**Data supplied**

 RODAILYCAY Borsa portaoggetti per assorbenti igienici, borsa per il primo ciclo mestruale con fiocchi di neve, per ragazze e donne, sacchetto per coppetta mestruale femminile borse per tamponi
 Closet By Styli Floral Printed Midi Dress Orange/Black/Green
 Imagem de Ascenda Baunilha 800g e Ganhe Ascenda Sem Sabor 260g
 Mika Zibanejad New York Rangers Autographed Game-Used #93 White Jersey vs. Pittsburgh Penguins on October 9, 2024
* * *
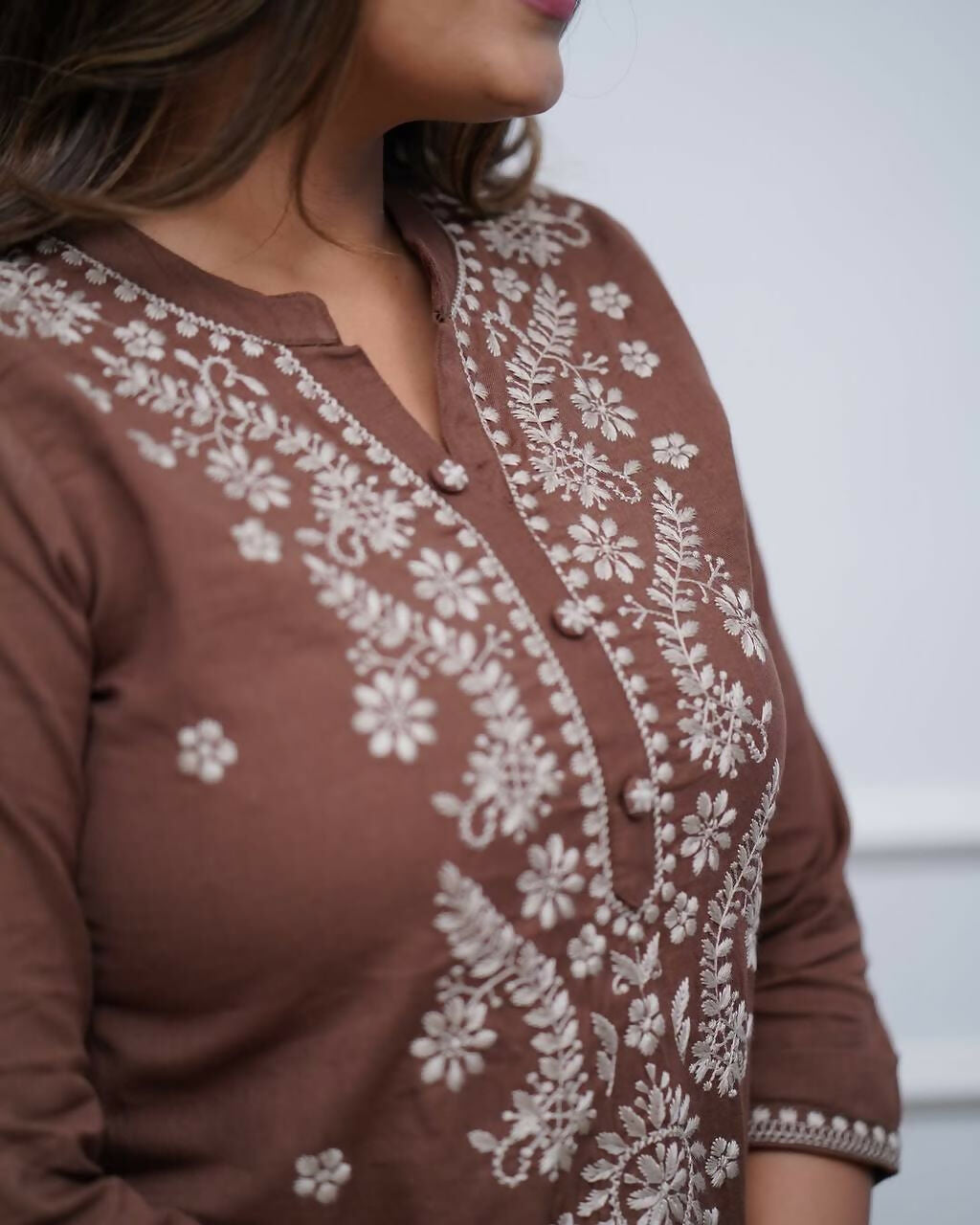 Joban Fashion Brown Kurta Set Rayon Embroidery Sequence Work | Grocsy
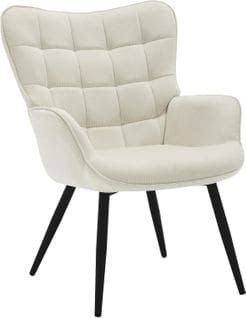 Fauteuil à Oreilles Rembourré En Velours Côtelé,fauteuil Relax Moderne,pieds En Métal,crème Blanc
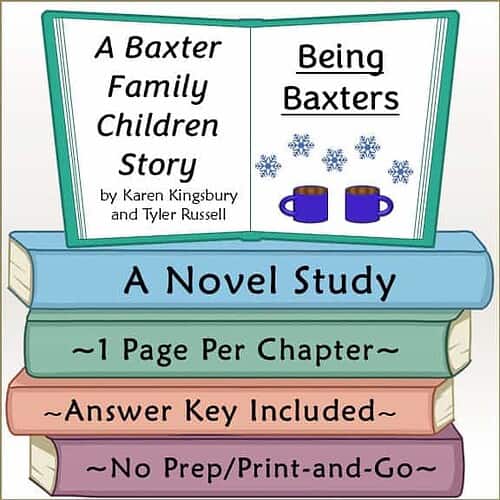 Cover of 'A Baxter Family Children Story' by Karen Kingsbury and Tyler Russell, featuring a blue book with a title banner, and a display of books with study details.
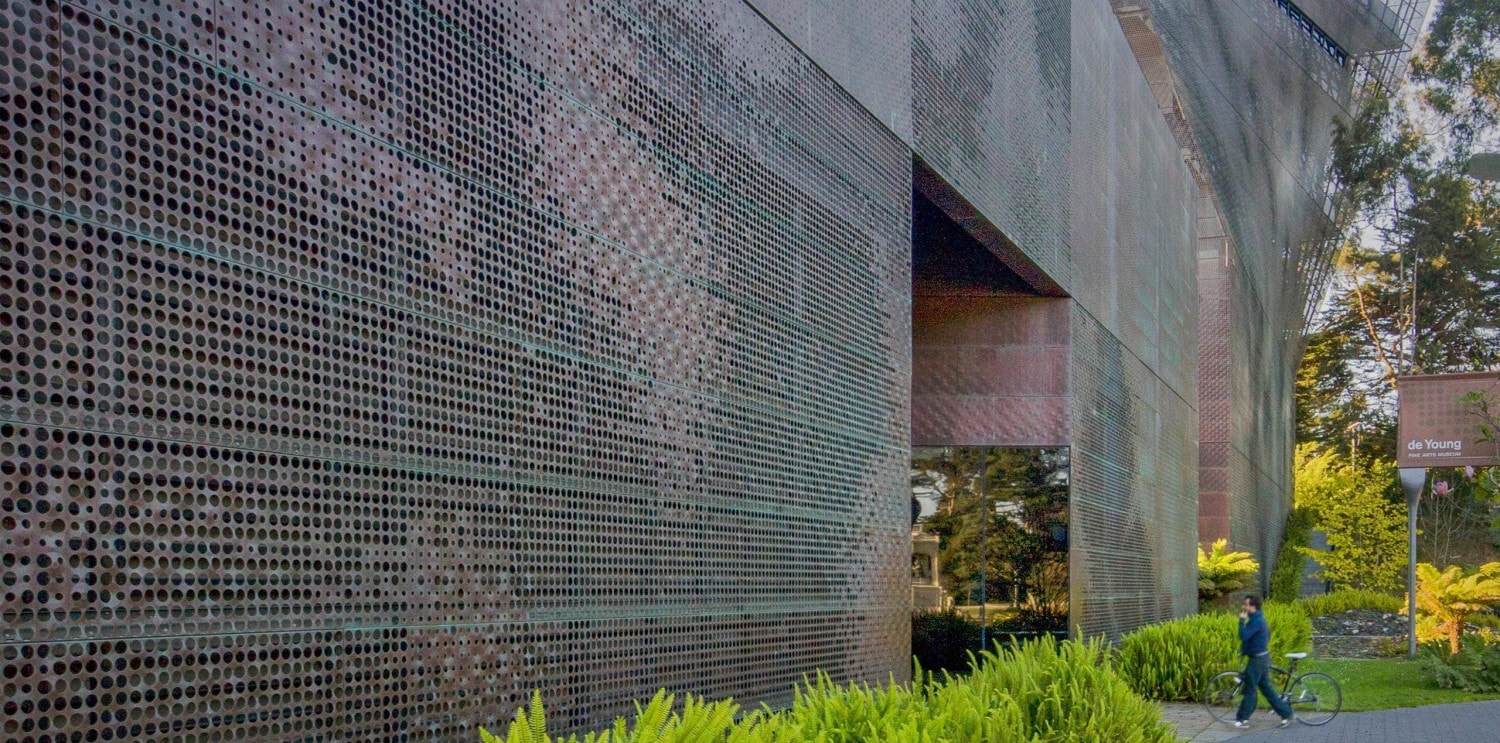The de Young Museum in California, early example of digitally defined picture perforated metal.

**Try it**
Print the lines above from the one with "Imagem de Ascenda" through the one with "Mika Zibanejad New", both included, exactly as written and nothing more.

**The answer**
 Imagem de Ascenda Baunilha 800g e Ganhe Ascenda Sem Sabor 260g
 Mika Zibanejad New York Rangers Autographed Game-Used #93 White Jersey vs. Pittsburgh Penguins on October 9, 2024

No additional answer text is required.